Breadcrumb
Bees create a buzz at Palais des Nations
While visitors are used to seeing majestic peacocks roaming the gardens of the Palais des Nations, these are not the only masters of the Ariana Park. Around them, thousands of bees also forage more discreetly in the gardens. On this World Bee Day, celebrated on 20 May and dedicated to these pollinators that are essential to biodiversity and the survival of ecosystems, Pierre Duperret, a gardener who takes care of the 10 bee hives in the heart of the Ariana Park, tells us more about them.
For 17 years, Mr. Duperret has been passionate about the maintenance of the gardens of the Palais des Nations. In the heart of this lush green setting and facing the Lac Léman are 10 bee hives donated by Switzerland on 10 September, 2012, to celebrate the tenth anniversary of its accession to the United Nations.
Despite the current situation because of COVID-19, the maintenance of the Ariana Park and the 10 hives continues in stride. In the Park, up to 50,000 bees live inside each hive, and caring for them requires work and patience.
Bees are essential for pollination, Mr. Duperret says, and therefore vital to humanity. Honeybees pollinate about 20 per cent of flowers, including fruit trees and vegetables.
Healthy bees
Indeed, pollination contributes to food security and is essential for the survival of the world’s ecosystems. Nearly 90 per cent of the world’s wild flowering plant species depend entirely, or at least in part, on animal pollination, along with more than 75 per cent of food crops and 35 per cent of agricultural land. Unfortunately, bees, among the most important pollinators, are increasingly under threat from human activities.
For Mr. Duperret, pesticides, pollution and global warming pose the biggest challenges for bees. He believes people everywhere must play a role in the protection and preservation of bees, for example by changing their consumer habits to decrease pollution, and by limiting the use of insecticides.
It was precisely to raise the world’s awareness of the importance of bees that Slovenia, in 2017, led the process within the United Nations to adopt a resolution designating 20 May as World Bee Day. According to Klemen Ponikvar, Counsellor at the Permanent Mission of Slovenia in Geneva, nearly 10,000 Slovenians have bee hives at home. He is proud that the second most common bee in the world - the Carniolan bee - takes its name from a region of Slovenia. "They are also found in the hives of the Palais des Nations," he says.

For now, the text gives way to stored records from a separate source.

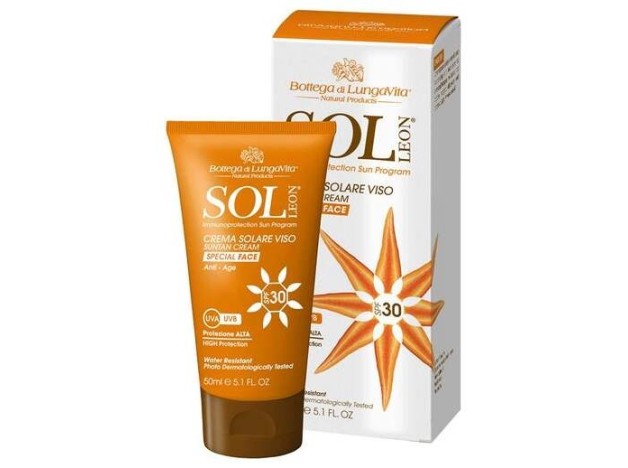 Bottega Di Lungavita Sol León Crema Cara Spf30...
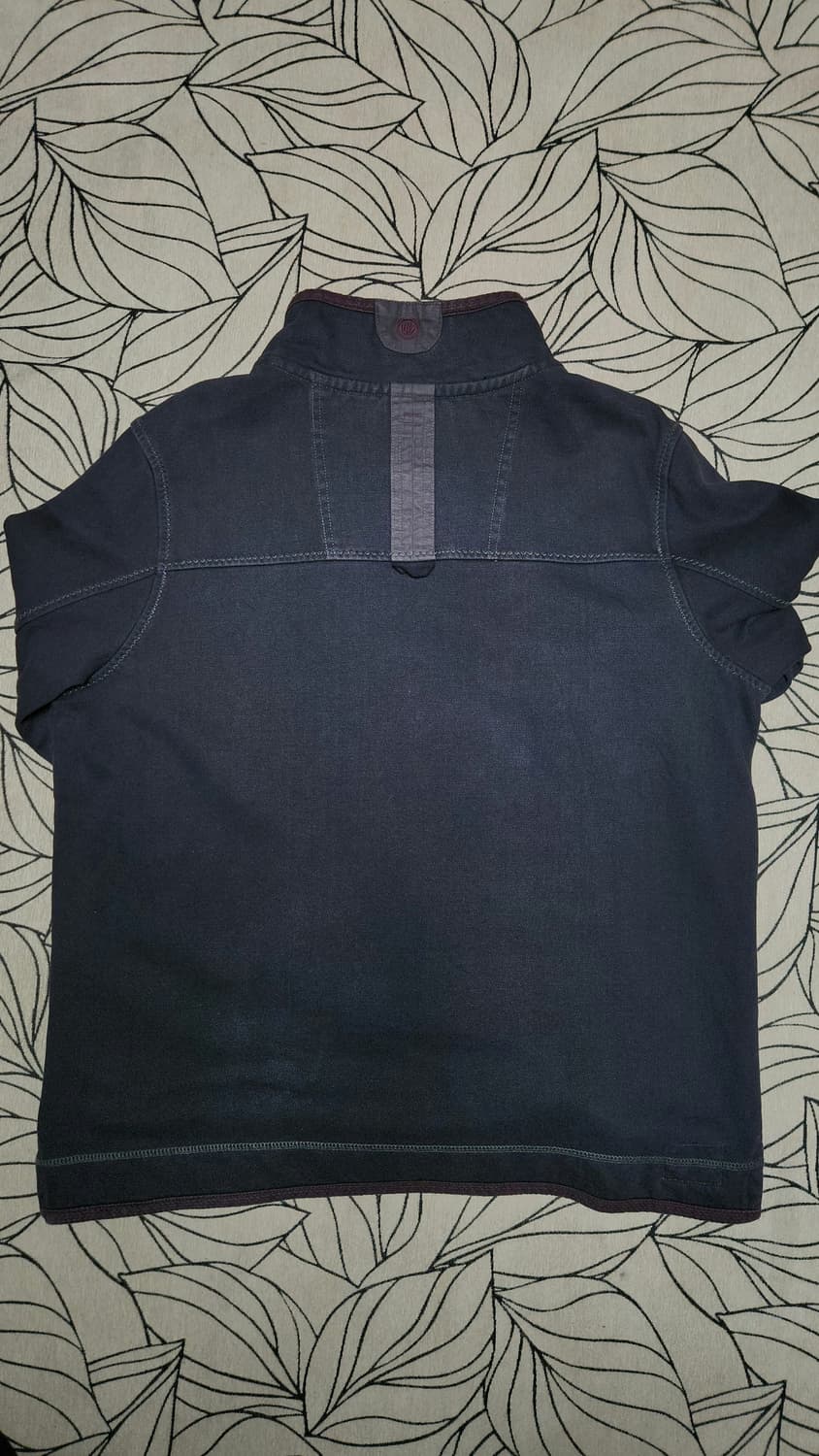 빈티지 FAT FACE 남성 하프넥 티셔츠 네이비 110 상품이미지2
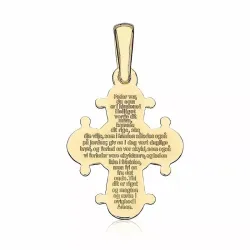 13 x 15 mm dagmarkors med fadervår i förgyllt silver - Amoré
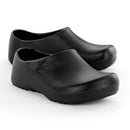 BIRKENSTOCK PROFI BIRKI FUSION CLOG SIZE: MEN 12 (AU/UK M10.5) (EU M45) - BLACK - Like New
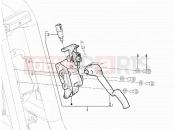 PIAGGIO MP3 300 4T 4V ie ERL Hibrid Control pedals - Levers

At the Palais des Nations, Mr. Duperret watches over the bees carefully, in close cooperation with the Geneva Beekeeping Federation, which regularly checks the hives to ensure the health of the bees. Its experts can intervene in case of problems. The Federation is also responsible for collecting the honey in the hives.
The gift of honey
Mr. Duperret is proud of the work of the bees at the Palais des Nations. Last year, the Swiss Confederation and the United Nations Office at Geneva shared 96 kilograms of honey produced by these tireless little workers.
The Director-General of the United Nations Office at Geneva, Tatiana Valovaya, receives some of the honey pots, which she offers as a welcome gift to the new Permanent Representatives of the Permanent Missions to the United Nations Office at Geneva, when they come to present their credentials, as well as to other distinguished guests.
A tribute to the host country, Switzerland, but also to the work of the bees that are active all day outside the windows of her office in the Ariana Park.